“There’s definitely something going on right now in our Western population that’s progressive in terms of disease. None of that is happening in these traditional populations,” said Justin Sonnenburg. “There are many things that differentiate us, but I think one of the major candidates for what could contribute to that is the massive difference in the gut microbiota.”
To simulate the effects of a low-fiber diet on the gut microbiome, the researchers fed 10 germ-free mice fecal samples from a 36-year-old American man. The donor microbes quickly colonized the animals’ gastrointestinal tracts. The team then divided the mice into two groups—one fed a diet rich in fiber from various plants, the other given a low-fiber diet—and followed the animals for seven weeks.
At the start of the experiment, the microbes found in each mouse were similar, with 213 different bacterial species reliably detected in the control group and 208 in the experimental one, based on DNA sequencing data from fecal pellets. But after the seven weeks, 60 percent of the bacterial species in the low-fiber diet group showed a dramatic decline in abundance. Some species were undetectable altogether. The same was true for only 11 percent of the control group’s bacterial species.
After seven weeks, the low-fiber diet mice switched back to the control diet to offer their gut microbiomes a chance to bounce back. “Quite a bit of [diversity] comes back when that high fiber is reintroduced,” said Justin Sonnenburg. “That indicates that these microbes are there but below the level of detection we have. They’re able to bloom when the dietary fiber is brought back.” But 33 percent of the total species stayed at low or undetectable levels.
The species of microbes that survived throughout the experiment in high abundance, explained the Sonnenburgs, are likely those able to switch their food source to the mucus lining the intestine or to other sources of carbohydrates.
To investigate the impact of the different diets on subsequent generations, the researchers bred mice from the two groups and weaned their pups through four generations while on the respective mouse chows. After weaning, the pups of the low-fiber group were raised on that diet for 10 weeks, during which their bacterial diversity continued to plummet.

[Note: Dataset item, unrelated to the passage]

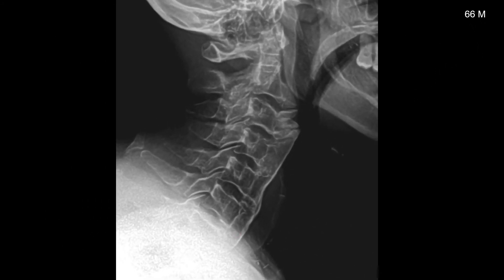This is a 66-year-old male with a history of diabetes. You'll notice flowing hyperostosis of the anterior longitudinal ligament, no evidence of ossification of the posterior longitudinal ligament, relative preservation of intervertebral disc height, and lack of posterior element involvement.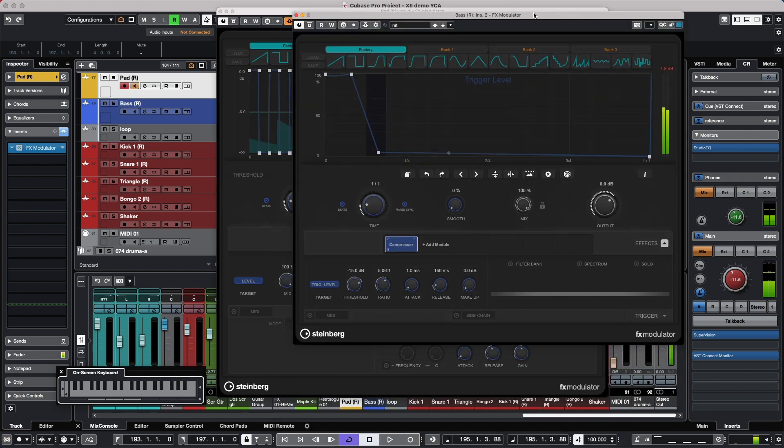You can see how the new capabilities of the FX Modulator can really open the creative doors.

Pups from each low-fiber generation were switched to the high-fiber diet in their eleventh week. “By the fourth generation, there was very minimal recovery with the reintroduction of the high-fiber diet,” said Erica Sonnenburg. Of the 208 original bacterial species present in the first generation, 150 initially appeared absent from the fourth and only nine of those recovered with increased fiber.
The researchers determined, however, that it was possible to reintroduce these lost bacterial species with fecal transplants. They fed fourth-generation, low-fiber group mice fecal samples from fourth generation, high-fiber group mice and subsequently gave the transplant recipients a high-fiber diet for two weeks. Within 10 days, 110 of the lost bacterial species were restored.
“Even though it’s in mice, this is a really important study . . . because it’s helping us figure out what has led to the reduced diversity,” said Alyssa Crittenden, a nutritional anthropologist at the University of Nevada, Las Vegas. “It’s using a different line of evidence to figure out why the Western microbiota are dysbiotic.” Now, Crittenden added, “we have more information about the generational effects of a diet low in dietary fiber.”
Microbiologist Peter Turnbaugh of the University of California, San Francisco, cautioned against extrapolating from the results, however. “It’s definitely valuable to show that there are these longer term effects. The question moving forward is whether it’s relevant to humans,” he said. “I would be concerned that people will take this too far and think that our microbiome is going extinct and that there should be a call to action—and that could be true, but we definitely need more experiments in humans.”
E.D. Sonnenburg et al., “Diet-induced extinctions in the gut microbiota compound over generations,” Nature, doi:10.1038/nature16504, 2016.